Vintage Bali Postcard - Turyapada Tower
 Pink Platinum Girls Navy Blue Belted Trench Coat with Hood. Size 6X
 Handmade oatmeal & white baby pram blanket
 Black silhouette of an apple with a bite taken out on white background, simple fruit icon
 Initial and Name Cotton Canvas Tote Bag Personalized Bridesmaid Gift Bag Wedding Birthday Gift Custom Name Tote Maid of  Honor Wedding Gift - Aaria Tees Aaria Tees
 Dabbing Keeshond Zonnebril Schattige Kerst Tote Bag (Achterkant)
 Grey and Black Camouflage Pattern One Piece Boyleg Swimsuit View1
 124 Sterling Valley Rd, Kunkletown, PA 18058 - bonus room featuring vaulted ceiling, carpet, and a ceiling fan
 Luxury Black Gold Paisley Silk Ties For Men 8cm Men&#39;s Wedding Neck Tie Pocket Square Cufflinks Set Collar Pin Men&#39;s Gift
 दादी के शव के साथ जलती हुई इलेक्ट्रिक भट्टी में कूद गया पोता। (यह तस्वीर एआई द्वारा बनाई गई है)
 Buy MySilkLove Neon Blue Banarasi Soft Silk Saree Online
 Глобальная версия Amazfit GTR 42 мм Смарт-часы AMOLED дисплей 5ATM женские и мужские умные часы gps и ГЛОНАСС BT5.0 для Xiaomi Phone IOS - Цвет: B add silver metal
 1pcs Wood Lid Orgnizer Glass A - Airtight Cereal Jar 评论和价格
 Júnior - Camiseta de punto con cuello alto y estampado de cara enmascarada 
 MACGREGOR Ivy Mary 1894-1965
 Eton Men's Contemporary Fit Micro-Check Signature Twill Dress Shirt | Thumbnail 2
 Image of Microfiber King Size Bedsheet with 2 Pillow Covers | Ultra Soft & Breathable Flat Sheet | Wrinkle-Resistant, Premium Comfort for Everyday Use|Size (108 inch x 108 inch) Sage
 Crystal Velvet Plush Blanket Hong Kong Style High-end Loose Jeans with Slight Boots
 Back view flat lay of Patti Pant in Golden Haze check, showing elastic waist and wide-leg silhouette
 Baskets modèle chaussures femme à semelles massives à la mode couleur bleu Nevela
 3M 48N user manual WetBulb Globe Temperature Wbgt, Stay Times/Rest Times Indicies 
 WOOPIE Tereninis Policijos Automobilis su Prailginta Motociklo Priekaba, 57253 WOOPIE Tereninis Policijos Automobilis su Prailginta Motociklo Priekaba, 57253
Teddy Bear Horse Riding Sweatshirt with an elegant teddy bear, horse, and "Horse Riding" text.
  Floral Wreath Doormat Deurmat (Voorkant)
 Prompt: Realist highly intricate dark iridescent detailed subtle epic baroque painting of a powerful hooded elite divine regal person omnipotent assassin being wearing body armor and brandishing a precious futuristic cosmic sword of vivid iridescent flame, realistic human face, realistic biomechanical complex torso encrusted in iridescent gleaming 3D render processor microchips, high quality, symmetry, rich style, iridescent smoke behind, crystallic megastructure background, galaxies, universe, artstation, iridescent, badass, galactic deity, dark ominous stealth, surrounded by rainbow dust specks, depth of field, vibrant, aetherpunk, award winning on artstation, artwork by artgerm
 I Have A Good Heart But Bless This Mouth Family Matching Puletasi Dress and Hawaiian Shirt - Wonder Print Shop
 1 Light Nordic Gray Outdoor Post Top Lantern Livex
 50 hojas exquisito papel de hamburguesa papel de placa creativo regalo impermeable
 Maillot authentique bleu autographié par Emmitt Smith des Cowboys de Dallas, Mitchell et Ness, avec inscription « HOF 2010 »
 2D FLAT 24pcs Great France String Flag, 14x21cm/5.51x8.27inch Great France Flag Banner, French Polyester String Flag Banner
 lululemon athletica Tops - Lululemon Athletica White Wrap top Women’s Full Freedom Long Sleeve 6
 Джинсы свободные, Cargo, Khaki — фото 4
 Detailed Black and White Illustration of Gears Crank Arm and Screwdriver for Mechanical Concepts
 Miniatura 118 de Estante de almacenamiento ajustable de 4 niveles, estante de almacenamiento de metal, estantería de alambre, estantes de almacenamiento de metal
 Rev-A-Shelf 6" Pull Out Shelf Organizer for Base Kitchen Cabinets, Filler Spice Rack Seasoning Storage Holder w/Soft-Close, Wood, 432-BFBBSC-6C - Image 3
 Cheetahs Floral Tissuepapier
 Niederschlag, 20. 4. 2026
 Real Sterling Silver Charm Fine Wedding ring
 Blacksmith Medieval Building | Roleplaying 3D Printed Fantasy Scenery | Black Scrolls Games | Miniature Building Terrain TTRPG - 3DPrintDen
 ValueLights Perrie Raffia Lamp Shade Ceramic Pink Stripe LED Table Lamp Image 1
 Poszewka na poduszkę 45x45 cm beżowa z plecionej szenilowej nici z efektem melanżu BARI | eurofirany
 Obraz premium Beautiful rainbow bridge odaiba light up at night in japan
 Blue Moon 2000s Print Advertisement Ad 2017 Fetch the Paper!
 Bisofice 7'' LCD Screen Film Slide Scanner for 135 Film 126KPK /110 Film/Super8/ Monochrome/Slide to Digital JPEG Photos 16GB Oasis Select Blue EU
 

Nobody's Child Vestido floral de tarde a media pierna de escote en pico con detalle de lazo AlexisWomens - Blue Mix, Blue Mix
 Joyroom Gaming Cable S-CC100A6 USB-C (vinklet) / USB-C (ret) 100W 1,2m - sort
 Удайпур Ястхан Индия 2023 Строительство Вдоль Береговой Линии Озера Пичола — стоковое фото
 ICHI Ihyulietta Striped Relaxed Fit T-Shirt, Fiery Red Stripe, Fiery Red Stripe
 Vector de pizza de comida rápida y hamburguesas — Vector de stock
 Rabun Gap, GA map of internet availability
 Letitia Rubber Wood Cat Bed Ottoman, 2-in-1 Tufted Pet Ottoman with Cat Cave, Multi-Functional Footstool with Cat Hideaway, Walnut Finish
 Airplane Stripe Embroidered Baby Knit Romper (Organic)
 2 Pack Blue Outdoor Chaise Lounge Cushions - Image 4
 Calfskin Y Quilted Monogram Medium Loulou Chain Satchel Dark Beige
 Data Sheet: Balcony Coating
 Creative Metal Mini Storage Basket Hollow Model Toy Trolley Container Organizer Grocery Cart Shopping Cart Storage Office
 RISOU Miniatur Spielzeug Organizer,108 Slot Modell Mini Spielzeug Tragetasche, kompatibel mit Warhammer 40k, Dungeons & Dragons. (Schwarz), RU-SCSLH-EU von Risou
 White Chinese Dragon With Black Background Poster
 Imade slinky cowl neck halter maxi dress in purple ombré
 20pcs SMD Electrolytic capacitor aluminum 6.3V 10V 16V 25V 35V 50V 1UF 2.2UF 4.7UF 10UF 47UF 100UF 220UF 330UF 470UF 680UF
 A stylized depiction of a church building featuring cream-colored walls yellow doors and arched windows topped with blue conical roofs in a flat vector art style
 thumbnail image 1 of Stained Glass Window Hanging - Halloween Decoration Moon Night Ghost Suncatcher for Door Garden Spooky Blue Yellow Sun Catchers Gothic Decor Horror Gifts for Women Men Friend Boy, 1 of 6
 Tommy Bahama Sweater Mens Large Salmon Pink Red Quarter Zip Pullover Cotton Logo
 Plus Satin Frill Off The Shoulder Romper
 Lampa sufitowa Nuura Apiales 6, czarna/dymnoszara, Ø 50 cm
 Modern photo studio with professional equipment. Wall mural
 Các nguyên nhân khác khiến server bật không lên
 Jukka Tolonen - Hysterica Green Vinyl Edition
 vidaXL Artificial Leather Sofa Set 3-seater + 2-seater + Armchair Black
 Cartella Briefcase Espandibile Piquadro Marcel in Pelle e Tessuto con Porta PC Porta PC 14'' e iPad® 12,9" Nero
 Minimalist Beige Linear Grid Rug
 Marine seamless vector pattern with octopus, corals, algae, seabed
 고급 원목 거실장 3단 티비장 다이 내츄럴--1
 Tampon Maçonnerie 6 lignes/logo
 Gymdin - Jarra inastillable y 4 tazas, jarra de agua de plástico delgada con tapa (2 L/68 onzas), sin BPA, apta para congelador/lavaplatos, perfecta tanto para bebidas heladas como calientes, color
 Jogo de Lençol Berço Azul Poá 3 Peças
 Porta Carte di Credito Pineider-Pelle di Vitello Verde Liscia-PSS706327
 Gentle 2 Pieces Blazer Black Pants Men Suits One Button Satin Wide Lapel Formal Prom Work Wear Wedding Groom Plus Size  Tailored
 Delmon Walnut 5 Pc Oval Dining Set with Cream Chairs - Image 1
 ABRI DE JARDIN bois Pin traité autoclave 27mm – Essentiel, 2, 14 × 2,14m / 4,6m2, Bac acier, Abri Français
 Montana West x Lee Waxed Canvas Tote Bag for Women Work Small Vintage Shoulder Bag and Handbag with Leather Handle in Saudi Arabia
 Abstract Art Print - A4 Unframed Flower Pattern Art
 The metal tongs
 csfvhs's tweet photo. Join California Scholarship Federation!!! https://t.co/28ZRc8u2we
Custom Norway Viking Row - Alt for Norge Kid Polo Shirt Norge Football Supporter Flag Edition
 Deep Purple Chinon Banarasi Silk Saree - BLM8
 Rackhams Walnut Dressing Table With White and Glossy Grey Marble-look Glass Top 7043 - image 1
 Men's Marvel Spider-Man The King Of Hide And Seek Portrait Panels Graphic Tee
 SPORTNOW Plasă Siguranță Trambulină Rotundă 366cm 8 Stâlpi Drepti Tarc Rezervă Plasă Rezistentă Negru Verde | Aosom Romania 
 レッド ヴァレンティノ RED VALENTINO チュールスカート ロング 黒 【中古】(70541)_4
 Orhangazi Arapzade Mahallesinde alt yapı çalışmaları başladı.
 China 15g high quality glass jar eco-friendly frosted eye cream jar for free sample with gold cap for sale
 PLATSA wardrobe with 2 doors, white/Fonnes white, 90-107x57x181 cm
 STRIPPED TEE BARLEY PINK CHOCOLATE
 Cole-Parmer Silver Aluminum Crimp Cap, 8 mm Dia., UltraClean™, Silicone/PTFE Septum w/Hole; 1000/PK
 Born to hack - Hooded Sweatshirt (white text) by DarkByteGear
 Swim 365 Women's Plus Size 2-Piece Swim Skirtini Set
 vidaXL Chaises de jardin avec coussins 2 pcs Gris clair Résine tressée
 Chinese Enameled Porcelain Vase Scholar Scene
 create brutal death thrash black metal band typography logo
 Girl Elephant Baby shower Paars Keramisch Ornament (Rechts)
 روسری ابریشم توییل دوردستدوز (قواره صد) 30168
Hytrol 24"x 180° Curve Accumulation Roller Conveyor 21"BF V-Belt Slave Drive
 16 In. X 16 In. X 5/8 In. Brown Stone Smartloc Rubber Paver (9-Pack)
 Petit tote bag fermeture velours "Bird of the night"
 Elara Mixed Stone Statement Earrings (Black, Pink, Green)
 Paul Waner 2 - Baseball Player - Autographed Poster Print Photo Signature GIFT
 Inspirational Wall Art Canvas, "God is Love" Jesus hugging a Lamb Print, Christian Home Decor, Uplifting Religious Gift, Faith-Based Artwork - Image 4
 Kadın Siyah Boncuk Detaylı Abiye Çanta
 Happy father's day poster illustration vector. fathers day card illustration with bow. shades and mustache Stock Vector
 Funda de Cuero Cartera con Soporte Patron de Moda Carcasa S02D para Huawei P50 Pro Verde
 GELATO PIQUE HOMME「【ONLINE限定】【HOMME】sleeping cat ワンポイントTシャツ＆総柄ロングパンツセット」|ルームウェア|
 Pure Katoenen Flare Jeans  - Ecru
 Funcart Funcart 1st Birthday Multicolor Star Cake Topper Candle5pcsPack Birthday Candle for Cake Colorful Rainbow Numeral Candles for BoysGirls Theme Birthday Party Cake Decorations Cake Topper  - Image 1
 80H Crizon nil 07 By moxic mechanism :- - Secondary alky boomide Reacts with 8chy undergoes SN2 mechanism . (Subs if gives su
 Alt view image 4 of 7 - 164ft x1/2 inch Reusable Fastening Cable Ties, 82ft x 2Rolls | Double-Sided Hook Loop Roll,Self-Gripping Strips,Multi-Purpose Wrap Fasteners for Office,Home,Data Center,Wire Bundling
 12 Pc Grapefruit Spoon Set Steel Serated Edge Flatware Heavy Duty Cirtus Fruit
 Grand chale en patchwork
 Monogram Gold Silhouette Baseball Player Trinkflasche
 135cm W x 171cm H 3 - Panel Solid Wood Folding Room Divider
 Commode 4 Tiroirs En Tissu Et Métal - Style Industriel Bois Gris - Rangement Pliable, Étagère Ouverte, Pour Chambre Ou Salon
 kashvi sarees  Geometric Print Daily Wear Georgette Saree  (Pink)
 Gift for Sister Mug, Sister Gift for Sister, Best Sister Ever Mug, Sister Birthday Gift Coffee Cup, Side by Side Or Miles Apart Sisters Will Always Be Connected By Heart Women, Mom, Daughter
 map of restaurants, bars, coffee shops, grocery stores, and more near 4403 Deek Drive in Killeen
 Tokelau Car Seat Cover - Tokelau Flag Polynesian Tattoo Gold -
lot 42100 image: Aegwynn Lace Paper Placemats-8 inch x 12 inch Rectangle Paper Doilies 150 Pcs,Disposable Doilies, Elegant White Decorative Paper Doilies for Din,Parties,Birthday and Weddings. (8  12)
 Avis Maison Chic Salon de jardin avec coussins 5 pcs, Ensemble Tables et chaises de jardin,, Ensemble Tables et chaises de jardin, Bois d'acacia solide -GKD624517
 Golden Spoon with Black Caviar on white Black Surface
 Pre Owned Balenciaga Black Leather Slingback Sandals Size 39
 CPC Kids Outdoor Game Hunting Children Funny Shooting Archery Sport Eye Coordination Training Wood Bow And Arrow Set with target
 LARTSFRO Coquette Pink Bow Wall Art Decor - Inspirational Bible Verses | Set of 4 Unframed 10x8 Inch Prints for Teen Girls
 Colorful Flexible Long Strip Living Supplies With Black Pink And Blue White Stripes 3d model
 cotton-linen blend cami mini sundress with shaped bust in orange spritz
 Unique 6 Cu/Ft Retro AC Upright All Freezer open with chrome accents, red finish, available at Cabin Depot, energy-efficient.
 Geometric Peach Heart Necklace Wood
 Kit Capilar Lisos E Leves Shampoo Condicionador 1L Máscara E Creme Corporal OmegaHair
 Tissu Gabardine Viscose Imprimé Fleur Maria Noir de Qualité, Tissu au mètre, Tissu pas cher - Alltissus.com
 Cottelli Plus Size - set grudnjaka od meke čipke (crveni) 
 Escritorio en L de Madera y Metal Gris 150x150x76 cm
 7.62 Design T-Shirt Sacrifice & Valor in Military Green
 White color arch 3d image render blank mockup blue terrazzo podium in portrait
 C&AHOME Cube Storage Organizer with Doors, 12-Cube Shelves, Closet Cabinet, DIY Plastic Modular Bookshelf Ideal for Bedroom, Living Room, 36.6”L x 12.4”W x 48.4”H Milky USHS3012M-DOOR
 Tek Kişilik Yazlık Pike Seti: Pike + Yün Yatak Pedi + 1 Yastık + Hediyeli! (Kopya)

[What to work on]
What do the lines from the one with "7.62 Design T-Shirt" through the last line of the entries say? Print them word for word, both ends included, and nothing else.

[Solution]
 7.62 Design T-Shirt Sacrifice & Valor in Military Green
 White color arch 3d image render blank mockup blue terrazzo podium in portrait
 C&AHOME Cube Storage Organizer with Doors, 12-Cube Shelves, Closet Cabinet, DIY Plastic Modular Bookshelf Ideal for Bedroom, Living Room, 36.6”L x 12.4”W x 48.4”H Milky USHS3012M-DOOR
 Tek Kişilik Yazlık Pike Seti: Pike + Yün Yatak Pedi + 1 Yastık + Hediyeli! (Kopya)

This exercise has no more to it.